**SOURCE MATERIAL:**
++++
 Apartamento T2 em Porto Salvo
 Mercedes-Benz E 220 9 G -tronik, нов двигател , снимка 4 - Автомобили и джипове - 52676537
++++
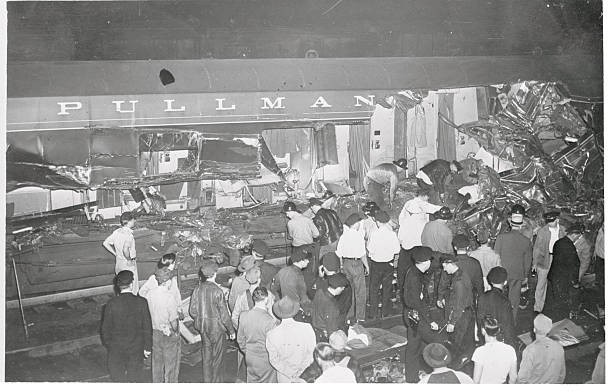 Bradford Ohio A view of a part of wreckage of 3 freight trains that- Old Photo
++++
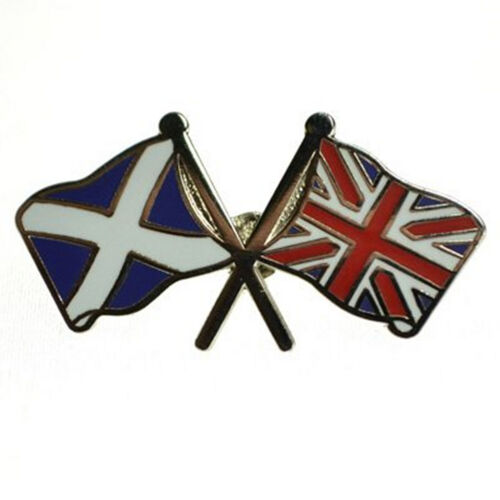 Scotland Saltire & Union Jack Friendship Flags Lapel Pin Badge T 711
++++
**PROBLEM STATEMENT:** Quote the listing above, but only from the line that shows "Apartamento T2 em Porto Salvo" through the line that shows "Mercedes-Benz E 220".

**WRITTEN SOLUTION:**
 Apartamento T2 em Porto Salvo
 Mercedes-Benz E 220 9 G -tronik, нов двигател , снимка 4 - Автомобили и джипове - 52676537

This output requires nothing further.